*DATA SUPPLIED*
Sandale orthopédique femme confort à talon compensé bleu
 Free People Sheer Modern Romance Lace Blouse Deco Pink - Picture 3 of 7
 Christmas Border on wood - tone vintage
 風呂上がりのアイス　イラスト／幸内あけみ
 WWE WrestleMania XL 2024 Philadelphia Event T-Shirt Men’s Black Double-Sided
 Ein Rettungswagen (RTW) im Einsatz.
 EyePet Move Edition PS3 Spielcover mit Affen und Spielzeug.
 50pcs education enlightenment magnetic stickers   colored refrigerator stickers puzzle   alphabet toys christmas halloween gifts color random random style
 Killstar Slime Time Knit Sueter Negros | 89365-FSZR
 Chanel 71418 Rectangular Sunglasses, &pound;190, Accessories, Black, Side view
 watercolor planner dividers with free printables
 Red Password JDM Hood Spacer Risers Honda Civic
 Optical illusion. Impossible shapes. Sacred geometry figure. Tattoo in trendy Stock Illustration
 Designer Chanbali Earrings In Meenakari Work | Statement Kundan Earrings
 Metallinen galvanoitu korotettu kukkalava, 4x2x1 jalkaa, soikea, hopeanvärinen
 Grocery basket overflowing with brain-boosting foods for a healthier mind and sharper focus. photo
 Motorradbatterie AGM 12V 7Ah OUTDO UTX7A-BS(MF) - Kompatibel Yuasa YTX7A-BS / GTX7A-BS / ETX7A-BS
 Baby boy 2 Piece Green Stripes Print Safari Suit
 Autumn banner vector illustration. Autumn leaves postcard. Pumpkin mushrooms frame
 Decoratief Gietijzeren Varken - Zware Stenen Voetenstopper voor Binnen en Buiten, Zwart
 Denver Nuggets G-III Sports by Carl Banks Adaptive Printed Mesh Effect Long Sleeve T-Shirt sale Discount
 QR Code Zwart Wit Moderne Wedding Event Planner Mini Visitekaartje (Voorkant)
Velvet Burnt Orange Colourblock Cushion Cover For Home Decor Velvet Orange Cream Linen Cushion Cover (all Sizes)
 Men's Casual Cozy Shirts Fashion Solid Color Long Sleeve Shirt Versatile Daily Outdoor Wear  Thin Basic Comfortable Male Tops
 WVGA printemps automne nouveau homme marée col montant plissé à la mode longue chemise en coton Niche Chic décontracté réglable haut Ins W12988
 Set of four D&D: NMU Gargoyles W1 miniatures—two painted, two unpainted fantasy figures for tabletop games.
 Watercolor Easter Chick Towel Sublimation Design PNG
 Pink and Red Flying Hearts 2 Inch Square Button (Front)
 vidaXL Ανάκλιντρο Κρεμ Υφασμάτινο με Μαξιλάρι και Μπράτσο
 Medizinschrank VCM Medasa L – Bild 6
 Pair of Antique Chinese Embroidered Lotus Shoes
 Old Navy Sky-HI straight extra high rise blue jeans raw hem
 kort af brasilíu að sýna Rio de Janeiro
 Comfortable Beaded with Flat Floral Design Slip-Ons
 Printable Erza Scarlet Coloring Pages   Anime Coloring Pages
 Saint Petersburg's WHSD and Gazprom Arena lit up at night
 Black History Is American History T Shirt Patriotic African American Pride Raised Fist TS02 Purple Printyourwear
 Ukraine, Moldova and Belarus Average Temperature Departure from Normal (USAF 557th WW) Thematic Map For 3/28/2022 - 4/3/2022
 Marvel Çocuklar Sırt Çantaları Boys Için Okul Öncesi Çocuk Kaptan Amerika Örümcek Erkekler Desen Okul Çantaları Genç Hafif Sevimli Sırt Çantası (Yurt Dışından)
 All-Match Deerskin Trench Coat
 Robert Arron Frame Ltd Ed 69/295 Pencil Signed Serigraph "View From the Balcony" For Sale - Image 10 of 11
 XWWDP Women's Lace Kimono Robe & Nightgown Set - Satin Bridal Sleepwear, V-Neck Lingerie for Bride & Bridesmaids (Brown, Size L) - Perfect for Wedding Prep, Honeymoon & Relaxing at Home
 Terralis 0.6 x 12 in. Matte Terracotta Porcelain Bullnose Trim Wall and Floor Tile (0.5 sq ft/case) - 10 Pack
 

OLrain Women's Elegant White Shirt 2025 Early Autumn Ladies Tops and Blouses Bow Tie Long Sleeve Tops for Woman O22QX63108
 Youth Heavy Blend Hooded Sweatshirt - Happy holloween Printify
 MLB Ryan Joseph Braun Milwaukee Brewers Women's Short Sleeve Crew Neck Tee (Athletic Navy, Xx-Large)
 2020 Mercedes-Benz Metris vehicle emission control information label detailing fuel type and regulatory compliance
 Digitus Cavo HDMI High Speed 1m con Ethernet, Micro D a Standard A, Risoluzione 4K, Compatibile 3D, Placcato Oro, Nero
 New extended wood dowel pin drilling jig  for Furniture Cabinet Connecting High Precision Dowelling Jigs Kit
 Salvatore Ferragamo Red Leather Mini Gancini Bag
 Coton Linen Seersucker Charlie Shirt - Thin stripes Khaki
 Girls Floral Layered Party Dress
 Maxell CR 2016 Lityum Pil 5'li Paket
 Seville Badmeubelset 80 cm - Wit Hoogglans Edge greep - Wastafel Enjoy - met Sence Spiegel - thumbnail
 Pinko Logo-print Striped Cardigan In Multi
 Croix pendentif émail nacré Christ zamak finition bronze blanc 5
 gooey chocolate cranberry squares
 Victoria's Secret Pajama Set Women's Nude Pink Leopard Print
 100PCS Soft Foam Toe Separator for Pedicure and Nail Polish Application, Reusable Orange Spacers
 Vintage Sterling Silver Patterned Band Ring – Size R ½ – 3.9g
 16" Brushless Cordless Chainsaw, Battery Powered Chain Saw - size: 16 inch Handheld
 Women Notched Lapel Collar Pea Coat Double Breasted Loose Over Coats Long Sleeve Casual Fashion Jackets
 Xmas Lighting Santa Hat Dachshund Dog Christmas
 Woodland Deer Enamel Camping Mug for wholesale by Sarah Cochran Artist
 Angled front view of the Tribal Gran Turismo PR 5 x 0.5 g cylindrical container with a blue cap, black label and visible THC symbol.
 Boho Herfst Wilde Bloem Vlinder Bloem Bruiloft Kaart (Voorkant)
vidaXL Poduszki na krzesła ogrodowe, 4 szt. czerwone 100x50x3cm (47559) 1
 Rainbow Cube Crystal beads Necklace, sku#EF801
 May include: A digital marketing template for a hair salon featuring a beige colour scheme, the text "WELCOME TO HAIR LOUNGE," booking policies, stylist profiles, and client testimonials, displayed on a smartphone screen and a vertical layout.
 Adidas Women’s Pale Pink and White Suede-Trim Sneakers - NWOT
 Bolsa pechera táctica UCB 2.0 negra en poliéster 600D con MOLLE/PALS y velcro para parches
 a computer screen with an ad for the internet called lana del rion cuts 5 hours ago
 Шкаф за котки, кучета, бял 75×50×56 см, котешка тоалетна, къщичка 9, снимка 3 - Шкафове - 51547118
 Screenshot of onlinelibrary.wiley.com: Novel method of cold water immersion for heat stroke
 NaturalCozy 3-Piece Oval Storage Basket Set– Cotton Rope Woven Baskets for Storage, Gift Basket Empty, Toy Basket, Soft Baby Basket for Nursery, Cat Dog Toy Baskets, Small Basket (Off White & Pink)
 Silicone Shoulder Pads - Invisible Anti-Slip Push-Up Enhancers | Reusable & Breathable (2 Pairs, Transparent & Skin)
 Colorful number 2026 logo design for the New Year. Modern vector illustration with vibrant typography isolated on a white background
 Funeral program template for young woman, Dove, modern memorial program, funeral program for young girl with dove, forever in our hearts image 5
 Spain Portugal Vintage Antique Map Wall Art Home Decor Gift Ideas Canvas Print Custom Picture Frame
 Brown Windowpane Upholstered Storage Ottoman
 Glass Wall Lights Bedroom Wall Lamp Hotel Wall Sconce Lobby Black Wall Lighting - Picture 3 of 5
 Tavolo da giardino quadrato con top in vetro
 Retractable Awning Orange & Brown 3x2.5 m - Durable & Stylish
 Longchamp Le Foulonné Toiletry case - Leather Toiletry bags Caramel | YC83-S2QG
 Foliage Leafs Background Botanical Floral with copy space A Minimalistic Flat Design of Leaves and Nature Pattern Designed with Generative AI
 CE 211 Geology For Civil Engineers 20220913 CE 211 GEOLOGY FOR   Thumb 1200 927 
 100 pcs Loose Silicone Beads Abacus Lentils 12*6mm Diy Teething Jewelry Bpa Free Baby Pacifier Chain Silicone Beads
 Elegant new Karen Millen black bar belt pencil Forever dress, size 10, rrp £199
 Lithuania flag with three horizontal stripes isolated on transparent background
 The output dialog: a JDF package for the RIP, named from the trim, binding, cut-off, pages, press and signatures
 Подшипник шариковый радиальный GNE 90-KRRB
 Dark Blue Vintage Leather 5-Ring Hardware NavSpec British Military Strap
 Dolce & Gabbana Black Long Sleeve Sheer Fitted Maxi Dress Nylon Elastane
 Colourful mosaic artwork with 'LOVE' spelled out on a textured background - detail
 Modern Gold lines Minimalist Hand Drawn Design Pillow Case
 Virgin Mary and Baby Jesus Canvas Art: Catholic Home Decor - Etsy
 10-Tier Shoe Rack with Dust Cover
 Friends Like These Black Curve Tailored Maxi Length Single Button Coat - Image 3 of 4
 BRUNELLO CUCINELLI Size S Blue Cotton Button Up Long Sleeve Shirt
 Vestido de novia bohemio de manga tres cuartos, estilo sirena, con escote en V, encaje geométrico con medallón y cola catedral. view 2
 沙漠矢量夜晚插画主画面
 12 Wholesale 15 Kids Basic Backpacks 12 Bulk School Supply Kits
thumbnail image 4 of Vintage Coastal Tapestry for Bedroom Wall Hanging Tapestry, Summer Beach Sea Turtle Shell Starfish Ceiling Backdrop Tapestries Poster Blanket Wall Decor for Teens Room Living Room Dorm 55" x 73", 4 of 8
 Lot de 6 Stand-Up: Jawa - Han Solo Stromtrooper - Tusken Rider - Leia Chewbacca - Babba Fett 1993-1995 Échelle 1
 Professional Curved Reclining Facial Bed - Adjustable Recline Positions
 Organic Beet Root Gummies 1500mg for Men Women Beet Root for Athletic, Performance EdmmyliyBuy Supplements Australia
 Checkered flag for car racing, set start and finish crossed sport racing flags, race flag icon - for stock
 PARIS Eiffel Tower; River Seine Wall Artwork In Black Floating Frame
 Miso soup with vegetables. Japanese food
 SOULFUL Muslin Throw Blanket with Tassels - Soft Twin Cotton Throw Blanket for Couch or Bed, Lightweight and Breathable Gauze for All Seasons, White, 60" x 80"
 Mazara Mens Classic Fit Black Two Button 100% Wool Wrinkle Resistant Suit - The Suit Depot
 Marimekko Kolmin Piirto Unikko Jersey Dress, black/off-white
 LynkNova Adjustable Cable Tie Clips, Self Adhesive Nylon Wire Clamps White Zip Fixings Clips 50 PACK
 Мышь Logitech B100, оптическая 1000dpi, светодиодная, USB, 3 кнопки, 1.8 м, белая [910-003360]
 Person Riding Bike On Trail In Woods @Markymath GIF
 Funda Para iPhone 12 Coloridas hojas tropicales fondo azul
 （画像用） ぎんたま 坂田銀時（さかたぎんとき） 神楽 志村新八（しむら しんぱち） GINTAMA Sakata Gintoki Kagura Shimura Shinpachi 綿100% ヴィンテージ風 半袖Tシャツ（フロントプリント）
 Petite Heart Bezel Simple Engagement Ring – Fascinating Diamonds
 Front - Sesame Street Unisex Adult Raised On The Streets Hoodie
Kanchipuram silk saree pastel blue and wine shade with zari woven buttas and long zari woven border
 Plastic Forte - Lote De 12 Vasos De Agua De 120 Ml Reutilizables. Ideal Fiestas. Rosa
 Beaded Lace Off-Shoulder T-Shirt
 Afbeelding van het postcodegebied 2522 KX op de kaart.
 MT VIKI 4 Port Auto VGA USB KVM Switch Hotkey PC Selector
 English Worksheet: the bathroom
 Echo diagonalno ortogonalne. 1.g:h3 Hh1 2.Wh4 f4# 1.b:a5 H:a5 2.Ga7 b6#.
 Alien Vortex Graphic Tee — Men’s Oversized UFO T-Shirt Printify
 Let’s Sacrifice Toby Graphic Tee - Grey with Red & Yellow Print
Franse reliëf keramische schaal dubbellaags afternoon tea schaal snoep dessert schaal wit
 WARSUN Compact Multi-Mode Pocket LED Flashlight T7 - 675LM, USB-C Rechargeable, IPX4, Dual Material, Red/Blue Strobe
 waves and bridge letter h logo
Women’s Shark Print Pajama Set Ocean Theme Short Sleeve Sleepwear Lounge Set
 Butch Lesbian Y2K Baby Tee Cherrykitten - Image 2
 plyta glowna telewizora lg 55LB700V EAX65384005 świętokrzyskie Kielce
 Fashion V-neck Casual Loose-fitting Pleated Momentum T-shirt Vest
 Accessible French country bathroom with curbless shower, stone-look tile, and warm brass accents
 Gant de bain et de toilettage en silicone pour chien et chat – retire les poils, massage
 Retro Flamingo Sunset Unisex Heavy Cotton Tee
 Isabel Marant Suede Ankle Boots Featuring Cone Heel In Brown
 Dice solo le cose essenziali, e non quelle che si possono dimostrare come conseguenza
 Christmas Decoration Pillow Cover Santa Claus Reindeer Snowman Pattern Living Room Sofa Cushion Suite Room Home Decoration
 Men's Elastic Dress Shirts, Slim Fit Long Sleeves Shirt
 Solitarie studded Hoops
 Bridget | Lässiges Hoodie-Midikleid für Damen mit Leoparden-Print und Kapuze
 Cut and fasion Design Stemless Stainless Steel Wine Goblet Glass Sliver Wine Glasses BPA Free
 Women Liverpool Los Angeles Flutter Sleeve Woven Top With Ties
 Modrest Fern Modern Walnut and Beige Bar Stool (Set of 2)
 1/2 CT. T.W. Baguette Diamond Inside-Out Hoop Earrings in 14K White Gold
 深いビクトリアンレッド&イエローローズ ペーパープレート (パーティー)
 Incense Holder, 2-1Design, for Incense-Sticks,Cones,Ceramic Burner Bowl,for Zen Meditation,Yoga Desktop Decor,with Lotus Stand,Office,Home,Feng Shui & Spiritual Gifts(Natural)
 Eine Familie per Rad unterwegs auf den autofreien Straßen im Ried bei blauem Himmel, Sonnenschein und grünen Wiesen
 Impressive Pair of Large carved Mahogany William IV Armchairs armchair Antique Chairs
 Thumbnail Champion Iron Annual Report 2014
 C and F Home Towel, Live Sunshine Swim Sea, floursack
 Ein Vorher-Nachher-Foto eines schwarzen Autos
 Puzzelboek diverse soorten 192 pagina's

*WHAT THE EXERCISE ASKS*
Copy every line of the listing that contains the word "Event".

*RESPONSE BOX*
 WWE WrestleMania XL 2024 Philadelphia Event T-Shirt Men’s Black Double-Sided
 QR Code Zwart Wit Moderne Wedding Event Planner Mini Visitekaartje (Voorkant)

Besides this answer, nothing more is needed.